Perhaps the most striking thing about Barack Obama's first press conference as president-elect was how, well, presidential it was.
In a nod to the formality of the occasion journalists and staff alike shed the jeans they'd been living in through the final weeks of the campaign and ironed out their wrinkled suits and skirts. The seating was assigned, with the names of news agencies scrawled on pieces of paper and taped to the backs of chairs, a first for the Obama organization. Reporters asked one another before hand if it would be appropriate to type notes as he spoke, as we always did when he was just a candidate. The answer quickly became clear: not a single computer remained on for the press conference.

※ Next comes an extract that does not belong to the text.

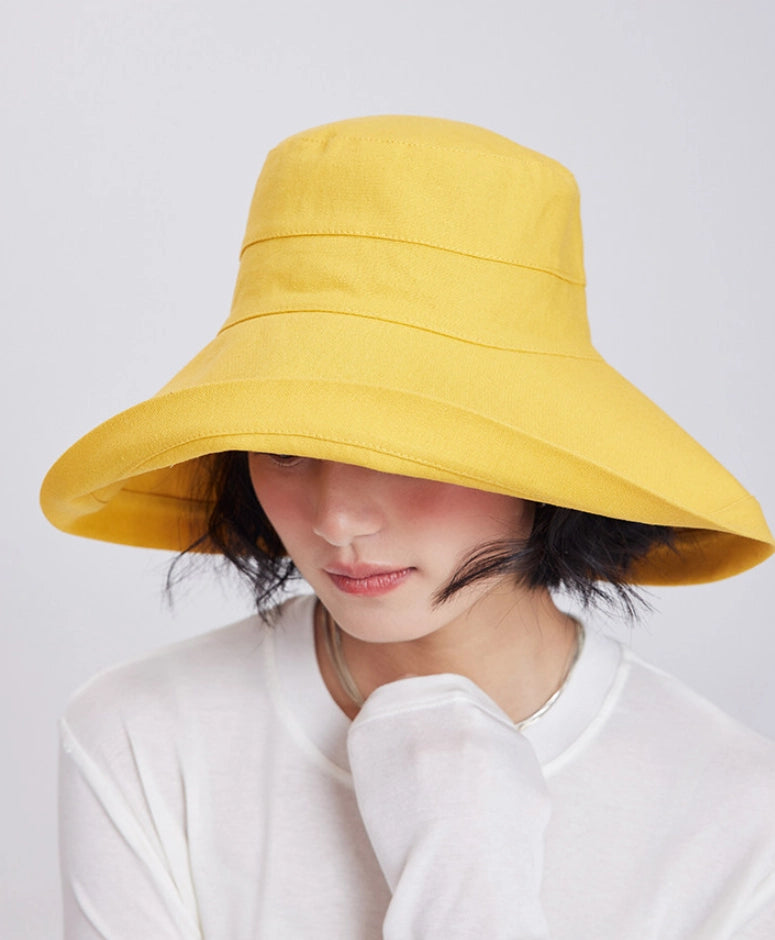 Woman wearing a lemon yellow packable sun hat with a deep wrap-around brim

Obama, uncharacteristically late in that presidential way where aides keep giving two minute warnings of his approach, slid into the formal role as easily as sliding back into a suit after working out at the gym. The president-elect delivered his first press conference with verve, as clear and articulate as ever, standing before a plain blue background and a row of U.S. flags that evoked the White House and the backdrop for his victory speech Tuesday night. His economic advisers and new chief of staff Rahm Emanuel flanked him (he had just come from meeting with them), many smiling and nodding encouragingly, not unlike parents proudly watching their kid deliver a valedictory speech. He called on reporters by their names from a card a rarity for Obama, who in press conferences usually just points and says "yes" even going so far as to use the order similar to that used by President Bush: the wires first, then the networks, the hometown Chicago reporters, and then the major papers. In another notable departure from the campaign, journalists formally stood to pose their questions.
On a day when new unemployment figures and auto maker losses revealed the depth of the country's economic woes, Obama was appropriately sober and brief, focusing most of his opening statement on his determination to pass a stimulus package and get the economy moving again. "It is not going to be quick and it is not going to be easy for us to dig ourselves out of the hole that we are in, but America is a strong and resilient country," he said in his opening statement. But the president-elect did seem in great spirits, joking with a small group of reporters who attended the beginning of the meeting with economic advisers. And he allowed himself a few light-hearted moments, laughing about a inquiry as to which kind of dog his daughters might be getting for the move into the White House.
"With respect to the dog, this is a major issue. I think it's generated more interest on our website than just about anything," Obama deadpanned. "We have we have two criteria that have to be reconciled. One is that Malia is allergic, so it has to be hypo-allergenic. There are a number of breeds that are hypo-allergenic. On the other hand, our preference would be to get a shelter dog. But obviously, a lot of shelter dogs are mutts, like me. So the so, whether we're going to be able to balance those two things, I think, is a pressing issue on the Obama household."(See pictures of Presidential First Dogs.)
Obama also said he's spoken with all "living" presidents, joking that "I didn't want to get into a Nancy Reagan thing about, you know, doing any seances." He must have been taking advice on how to handle the press from those former leaders of the free world, as Obama did his best to make no news. Has he been given pause on any of his foreign policy positions now that he is receiving full intelligence briefings? "I'm going to skip that." Would he still raise taxes on those making more than $250,000 a year? "My tax plan represented a net tax cut. It provided for substantial middle-class tax cuts. Ninety-five percent of working Americans would receive them." How soon will he send low-level envoys to countries such as Iran, Syria, Venezuela, Cuba, to see if a presidential-level talk would be productive? "Obviously how we approach and deal with a country like Iran is not something that we should, you know, simply do in a kneejerk fashion."
Indeed, if one message was prevalent despite the formal, White House-esque atmosphere, it was: I am not president yet, I'm not rushing into anything, and I won't be baited into saying anything I will regret. From picking his cabinet ("I think it's very important in all these key positions, both in the economic team and the national security team, to to get it right and and not to be so rushed that you end up making mistakes.") to getting involved in economic policy during the lame duck session, Obama's answer time and again was: "We only have one president at a time." Clearly, at least until he is that president (and likely even after that), journalists will have to think harder of ways to pry new information from him.